Things I Do Instead Of Writing

I’m enrolled in a 12-week writing course this summer aimed at helping writers complete book-length projects.

The course overview said students should come to the class with at least east 25 pages of a first draft. When I found the course more than a month ago, my plan was to dig back into a story I started on Whidbey Island in February of 2013. I didn’t have 25 pages, but was more than halfway there.

My first big assignment is due tomorrow, 10,000 words of my work in progress. One day out, and – after doing more cutting than writing to the original draft – I’m still just over halfway there.

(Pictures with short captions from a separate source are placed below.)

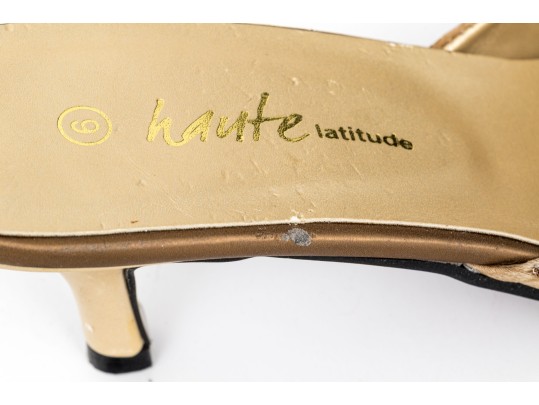 Haute Latitude Stunning Beaded And Embroidered Mules, Size 9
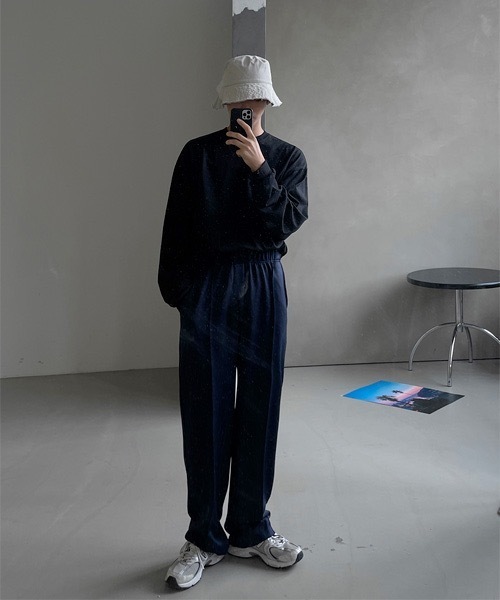 ASCLO(エジュクロ)の「ASCLO Box Wring Long Sleeve T Shirt(Tシャツ/カットソー・メンズ・ホワイト/ブラック/チャコールグレー・FREE)」の12枚目の写真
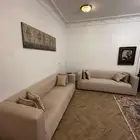 كنب مجلس ست قطع مع الطاولات وزولية كبيرة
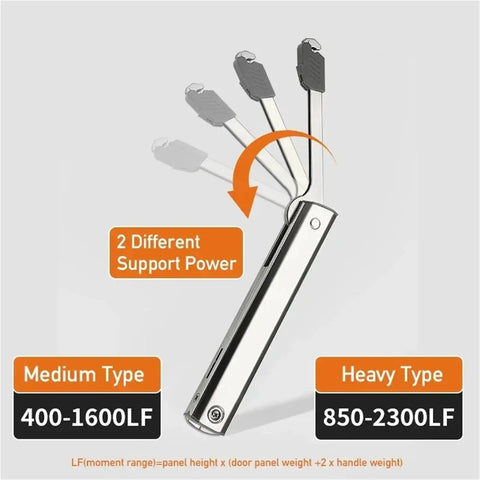 Heavy Duty Hydraulic Adjustable Door Hinge With Silent Operation For Interior And Exterior Doors Built To Last, Smooth Close, Easy Install, Tough As Nails Hardware For High Traffic Entryways, medium type 400-1600LF
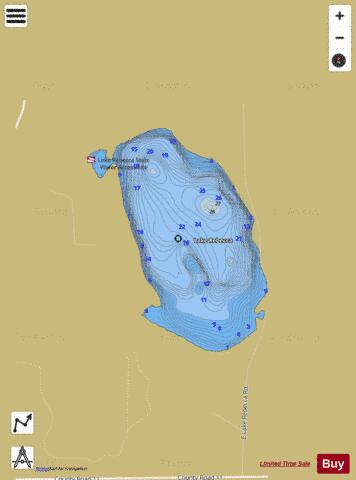 Rebecca depth contour Map - i-Boating App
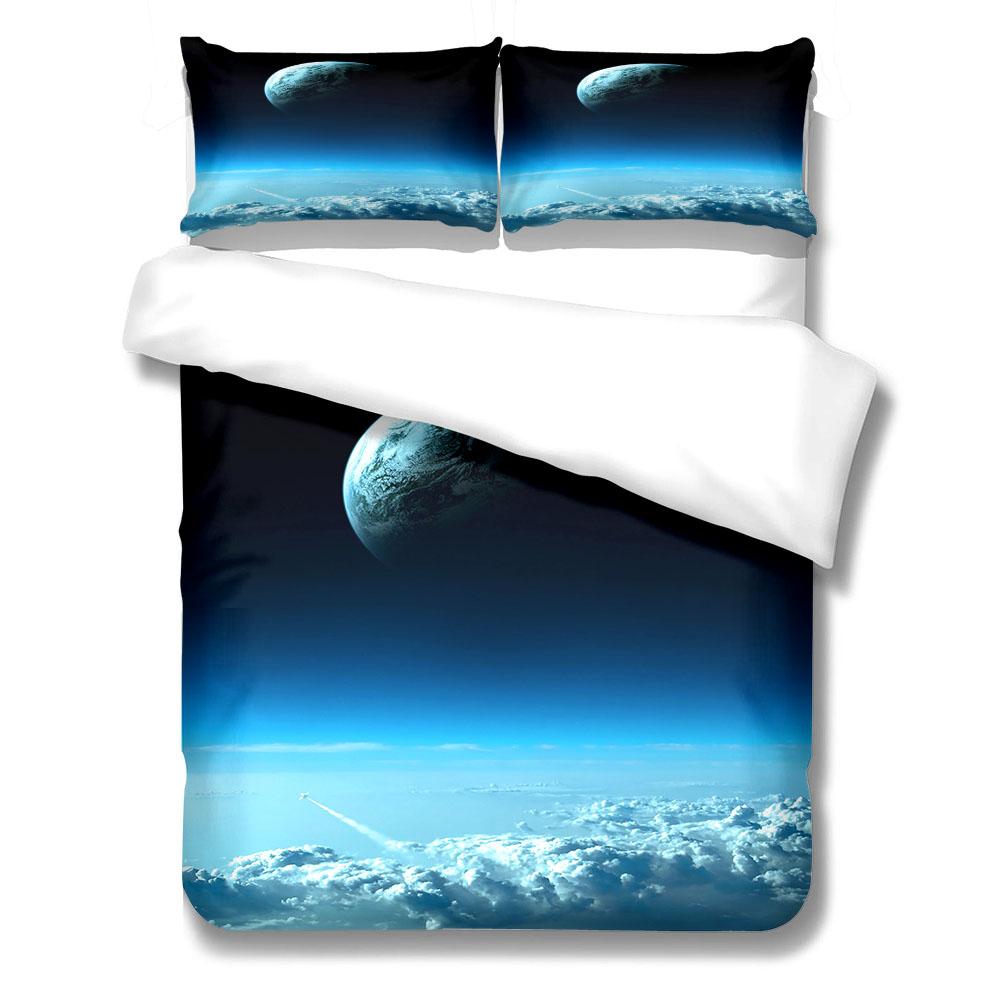 Комплект постельного белья Lunar Moon Duvet Cover Set King Queen Double Full Twin Single Size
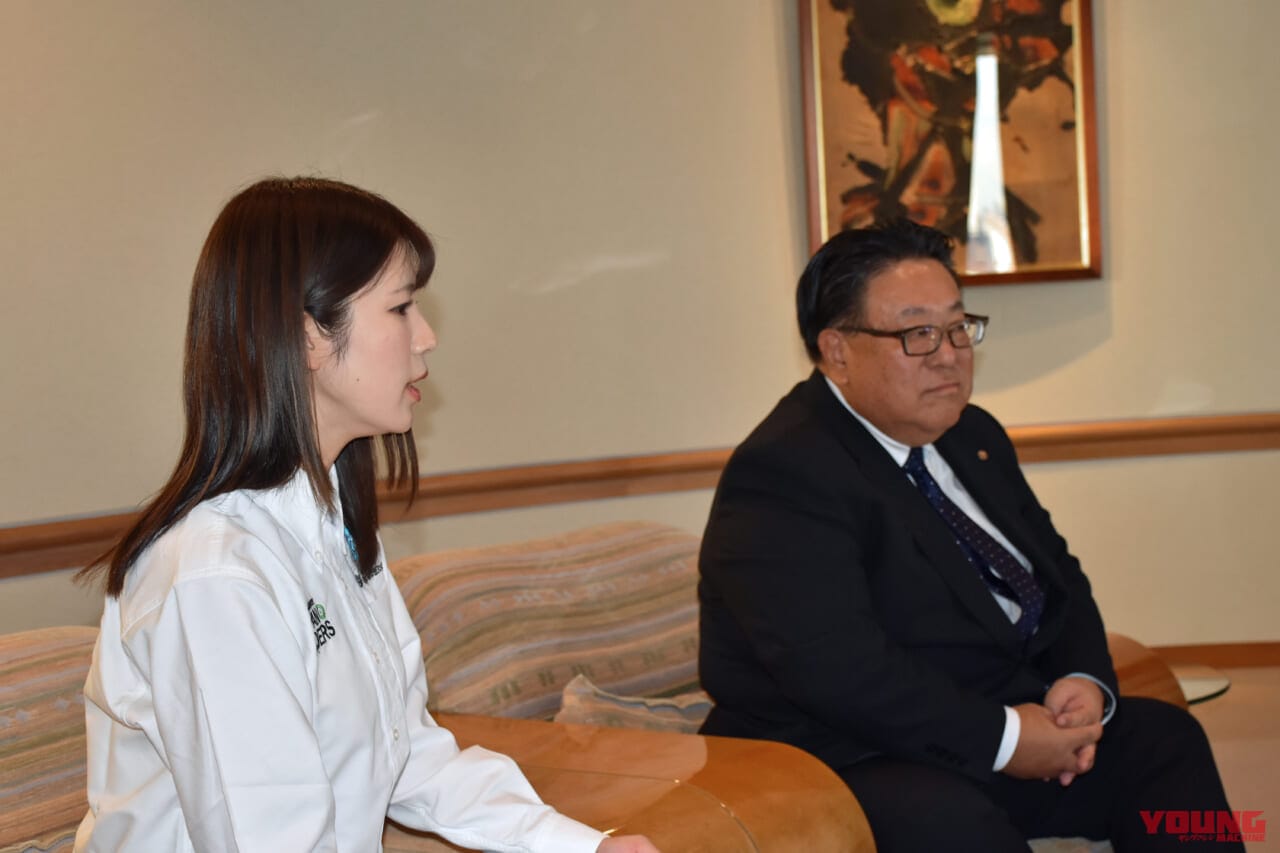 |安全・安心・快適を目指して!! “梅ちゃん”が来年も「ジャパンライダーズ」のアンバサダーを務めるぞ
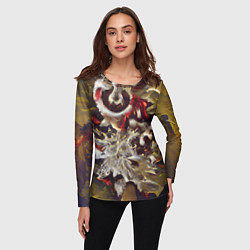 Лонгслив женский Осенние заморозки, цвет: 3D-принт — фото 2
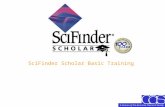 SciFinder Scholar Basic Training A division of the American Chemical Society.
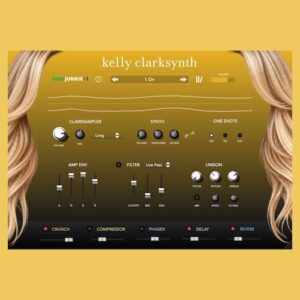 DAWJunkie「Kelly Clarksynth」ボーカルサンプル・シンセ・ユニゾン・アルペジエーターを搭載したソフト音源｜DTMプラグインセール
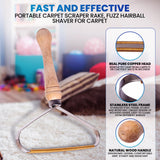 Dual-Action Pet Hair Remover Tool 2-Pack with Metal Scraper & Silicone Brush – Reusable Lint and Fur Cleaning Tool for Furniture, Carpets & Clothing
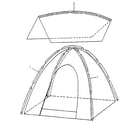 Sears 718774770 frame assembly diagram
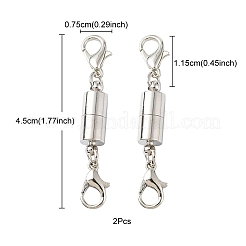 Brass Magnetic Clasps&nbsp;KK-YW0001-58S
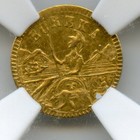 1885 Arms Of Calif  California Fractional Gold W 2   Ngc Unc   Gold Rush 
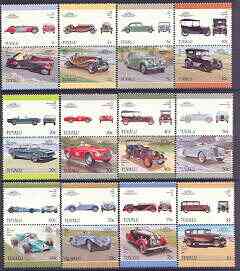 Tuvalu 1987 Cars #5 (Leaders of the World) set of 24 unmounted mint, SG 446-69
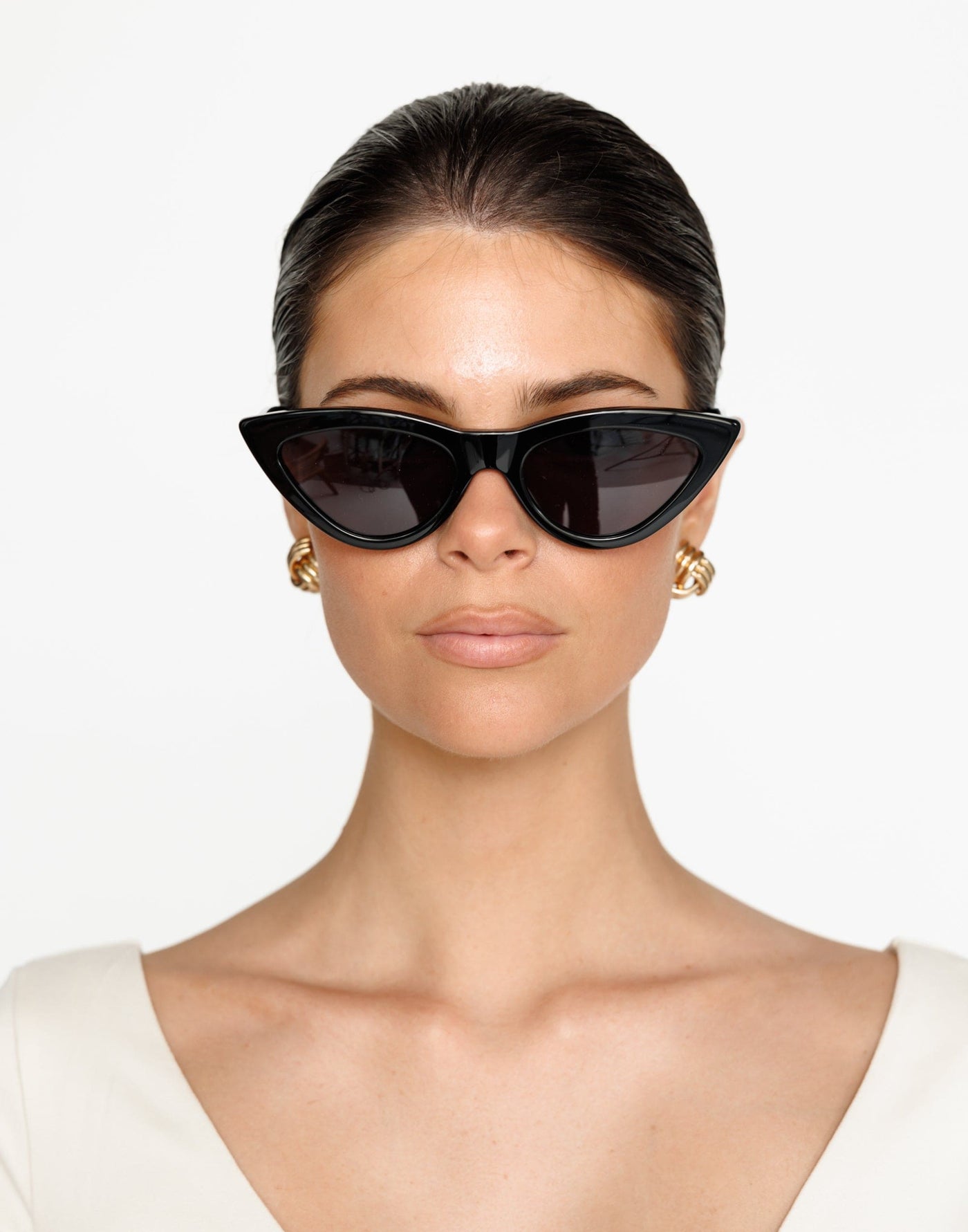 The Sara Sunglasses (Black) - By Banb - - Women's Accessories - Charcoal Clothing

I had planned to start writing no later than noon. It’s now 12:53. Here’s what I have accomplished so far:

  • Read 20 pages of Elizabeth Alexander’s The Light of the World, a book so good I’m still thinking about it now.
  • Went through my stash of blank greeting cards and picked out three I want to send to friends.
  • Found seven old photos that happened to be in the same box where I keep blank greeting cards, including the one pictured above of me and my grandfather.
  • Scanned the seven photos and posted them on Facebook.
  • Shared an interview I wrote for work this past week on Linkedin and Twitter.
  • Emptied the dishwasher and made the bed.
  • Started this blog post.

My goal now is to hunker down and push out my remaining words for this first assignment. No reading back over every paragraph as I type it, continuously editing words as I write them (a habit I constantly battle when starting a project). No going online to make sure each cultural reference is accurate. (What year did Grease come out? Was I five or six? Did John Prine sing that song or Dan Fogelberg?)

No switching between my word doc and social media to see if anyone else has liked my photos.

I’m sitting on the covered area of our back deck. It’s hot out, and I can barely hear my Edward Sharpe playlist over the lawn mower my husband is driving back and forth across our backyard.

My son is sitting beside me, eating a lunch his sister fixed him. A handful of popcorn, grapes, a peanut-butter and jelly sandwich cut in a triangle without any crusts and one small Hostess chocolate donut.

It really is a perfect day to eventually write, it’s just a matter of getting started.